Putting HVAC to Music

David B. Meredith, Mark W. Meredith, and Brooke M. Morrison The Pennsylvania State University

Introduction

As educators in an exploding world of technical knowledge, we must always look for ways to get students to learn material faster. One way of doing that is to stimulate more of the students’ senses. The magic of the computer allows us to do that. At PennState Fayette campus, we offer an ABET accredited Associate Degree program called Building Environmental Systems Technology (BEST). This program prepares students for all aspects of the Heating, Ventilating and Air-conditioning (HVAC) industry. But to adequately expose the students to the many inter- related aspects of this broad industry in such a short time is a challenge.

As reported in the literature1, faculty in the BEST program have been using the computer for many years to facilitate students’ understanding of aspects of the HVAC industry. With vastly improved computing speed and output quality, a Basic program that produced jerky black and white animations of moving blobs2 is now a Java-based, smooth, multi-colored interactive teaching tool for psychrometrics3. With the advent of the internet, this tool can be made available to students and faculty anywhere, any time.
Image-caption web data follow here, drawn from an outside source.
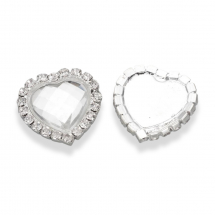 Kaboszony-Dżety Akryl i Mosiądz i Kryształ Klasa A Fasetowany Serce 23x22x5mm Kolor: Bezbarwny 2szt (13WB14969)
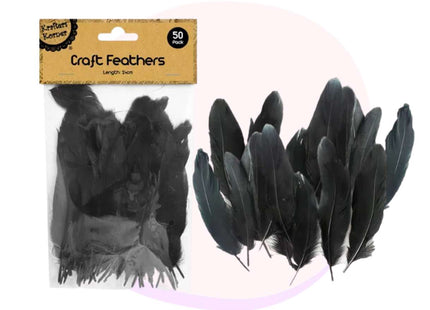 Craft Black Feathers 50 Pack - 14cm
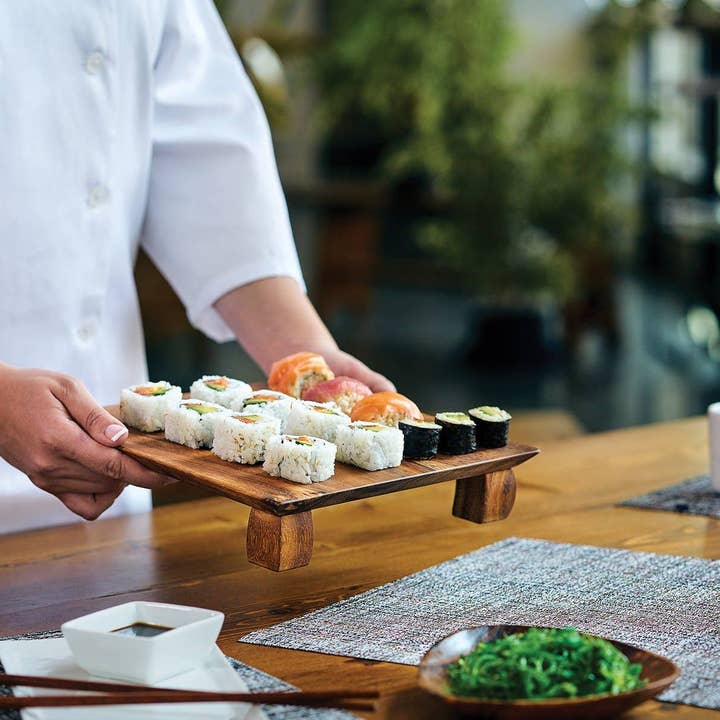 Fox Run Brands - Wholesale Serving Tray - Ironwood Kyoto Sushi Stand, Acacia, 10" x 10" x 2"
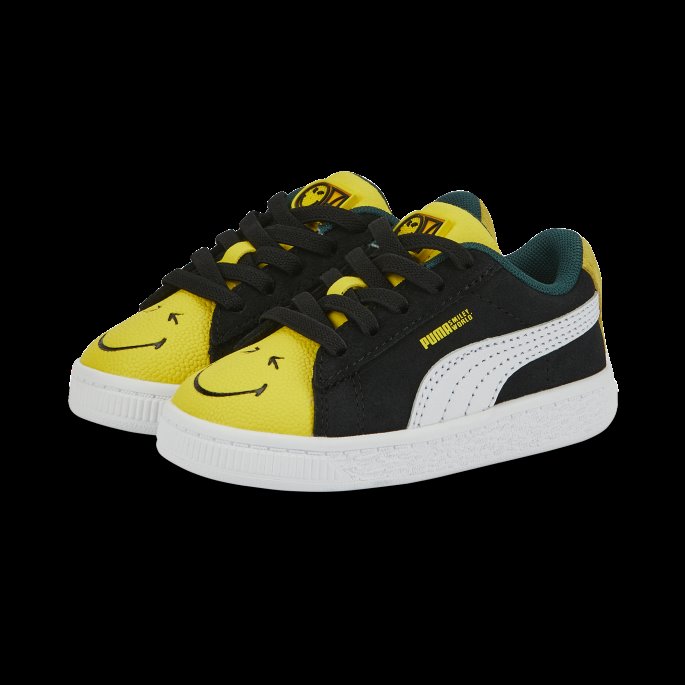 Puma På Tilbud X Smileyworld Semsket Sneakers Til Småbarn Svart-hvit-pulserende Gul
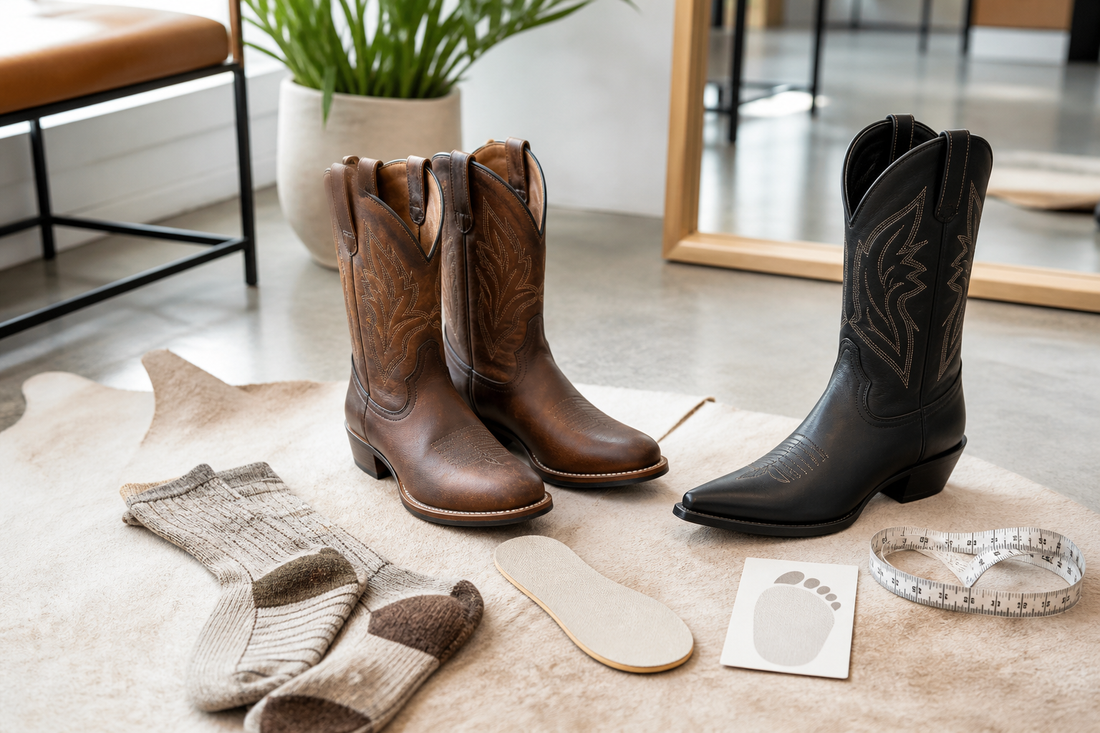 Cowboy boots with socks insole and measuring tape for checking toe pinching
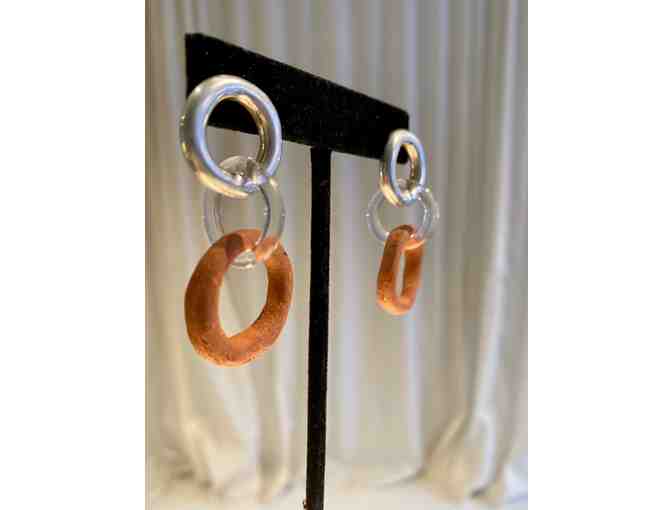 Jane D'Arensbourg Terracotta, Glass & Sterling Silver Earrings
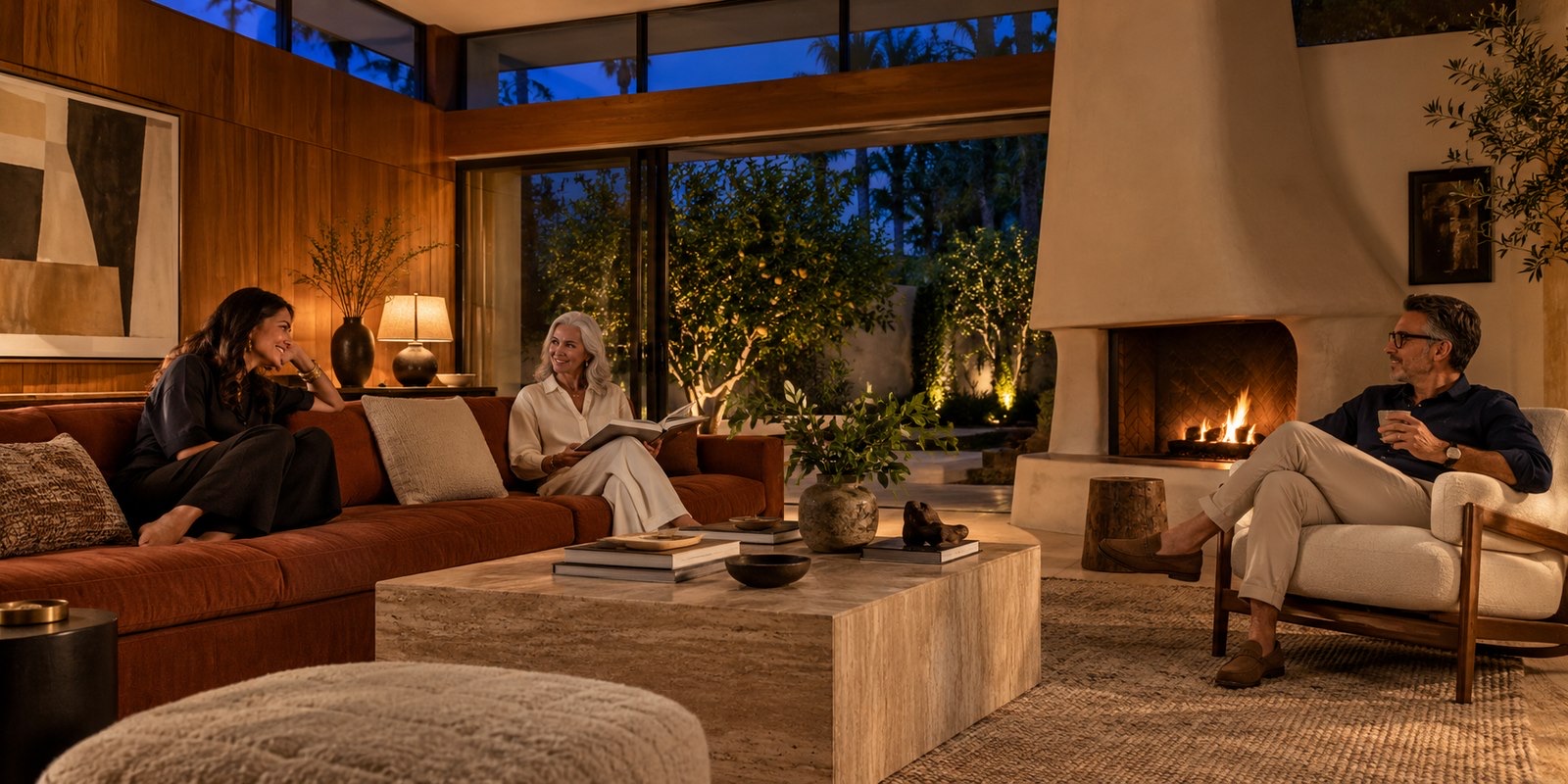 Friends relaxing at dusk in a modernist living room with walnut paneling, a plaster fireplace and a lit garden beyond the glass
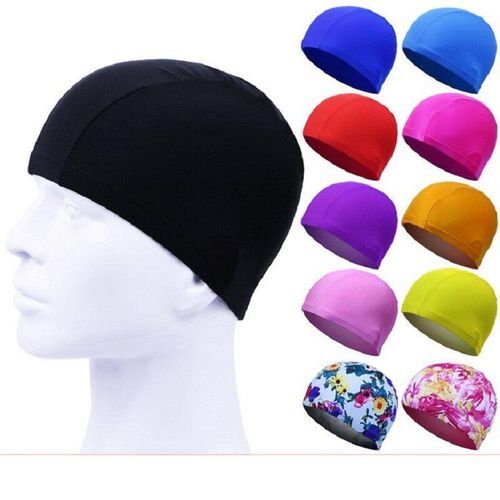 Bonnet De Bain En Tissu Polyester Pour Adultes Et Enfants, Très Extensible, Couleur Unie, Bonnet De Natation En Carton, Enveloppé Individuellement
The internet also allows faculty access to Shareware tools that can be incorporated into the classroom experience. One of these tools is a nifty shareware software package that allows you to produce animated gifs4 very easily. Unfortunately, it is still a rather time consuming process. My best estimate based on the work reported in this paper is that an experienced user can expect to spend at least an hour to produce a simple ten-second animation.

But why use music? My experience is that a majority of the engineering and technology students relate well to music. I choose familiar tunes that most students will recognize. I would like to think that when they hear a particular tune in the future, their minds will connect with a technical concept. But pragmatically, I use this method because of my long experience with the Boy Scouts of America. Their teaching philosophy is that you should make learning fun. When students are having fun, they will retain more knowledge, because they will spend more time on that particular task. Perhaps this theme is the most important message within this paper.

The Process

Discussed below are the steps to follow to develop your own musical animations. Since I would like to be able to say that it is as easy as One-Two-Three, I had to start with a zero step, which is very important, but really must come before the actual process of making the animation.